Earth science gained currency with newer, more interdisciplinary tasks that build upon the work of the geologists. In that sense, Earth science is the fruit of geology.

I tend to think of geology as one of the true original sciences, along with astronomy, geometry and mathematics. Chemistry began as a purified, laboratory child of geology. Physics originated as an abstraction of engineering. This is not to downplay their wonderful progress and great stature, but only to establish priority.

The twentieth century brought revolutionary progress to every field of science. It was the cross-fertilization of chemistry, physics and computation, newly applied to the old problems of geology, that opened up geology into the wider realm called Earth science or geoscience. It seemed like a whole new field in which the rock hammer and field map and thin section seemed irrelevant. And those traditional methods are less intensively taught today.

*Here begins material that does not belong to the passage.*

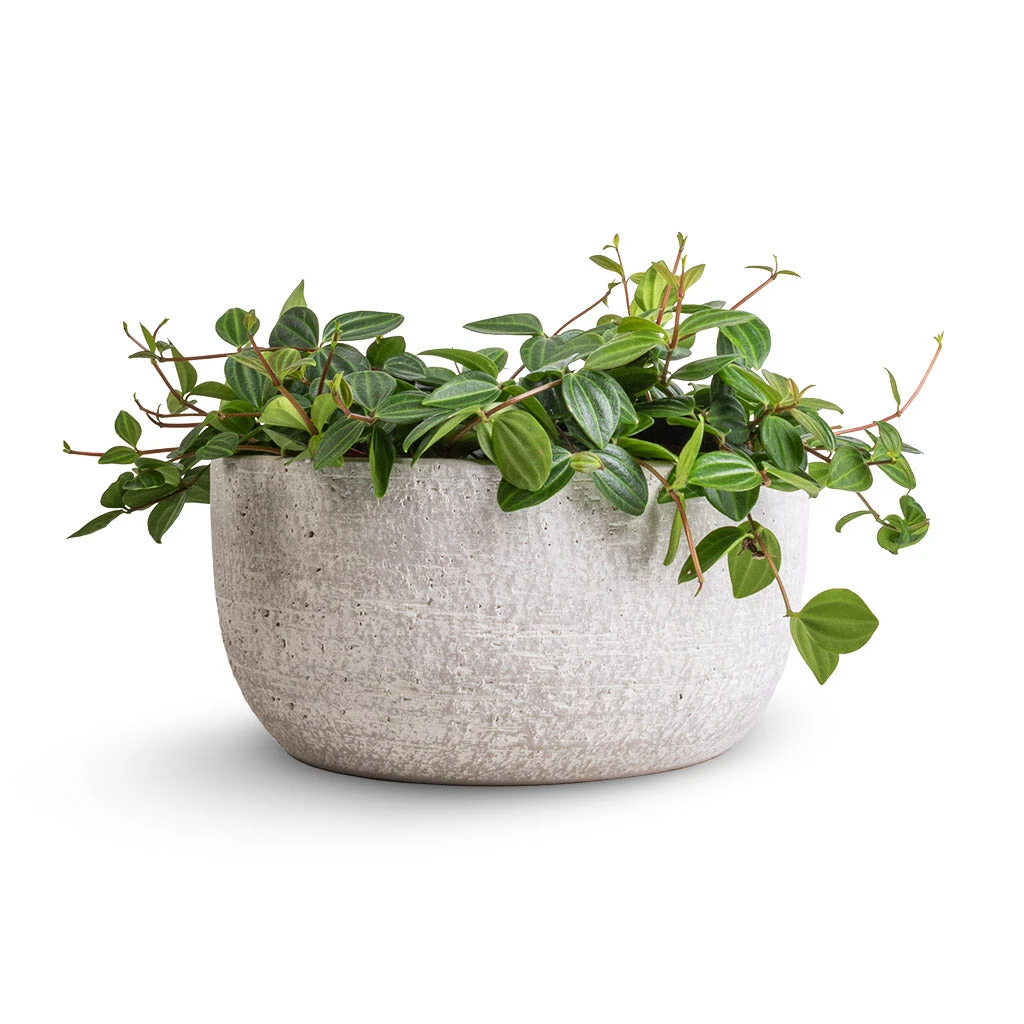 Cas Plant Bowl - Cool Grey 4 Cas Plant Bowl - Cool Grey - Image 2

Today geoscientists do things that geologists of the past never contemplated. Earth scientists help oversee remediation of polluted sites. They study the causes and effects of climate change. They advise the managers of lands, wastes and resources. They compare the structures of planets around our Sun and around other stars.

Green and Brown Science

It appears that educators have had an extra effect as curriculum standards for primary and secondary-school students have grown more complex and involved. Among these educators, the typical definition of "Earth science" is that it consists of geology, oceanography, meteorology and astronomy. As I see it, geology is a burgeoning set of subspecialties that is expanding into these neighboring sciences (not oceanography but marine geology; not meteorology but climatology; not astronomy but planetary geology), but that's clearly a minority opinion. A basic Internet search turns up three times as many "Earth science lesson plans" as "geology lesson plans." From what I've seen of them, Earth science lesson plans involve more conceptual exercises than actual rocks.

So where are we today? I see the field dividing into two pedagogical tracks:

Geology is minerals, maps and mountains; rocks, resources and eruptions; erosion, sediment and caves. It involves walking around in boots and doing hands-on exercises with ordinary substances. Geology is brown.

Earth science is pollution, food webs, dinosaurs, volcanoes, habitats, plates, the environment. It involves watching videos and conducting discussions. Earth science is green.

But maybe it's all just a matter of language. "Earth science" is as straightforward in English as "geology" is in scientific Greek. And who speaks English? Everyone in the world now.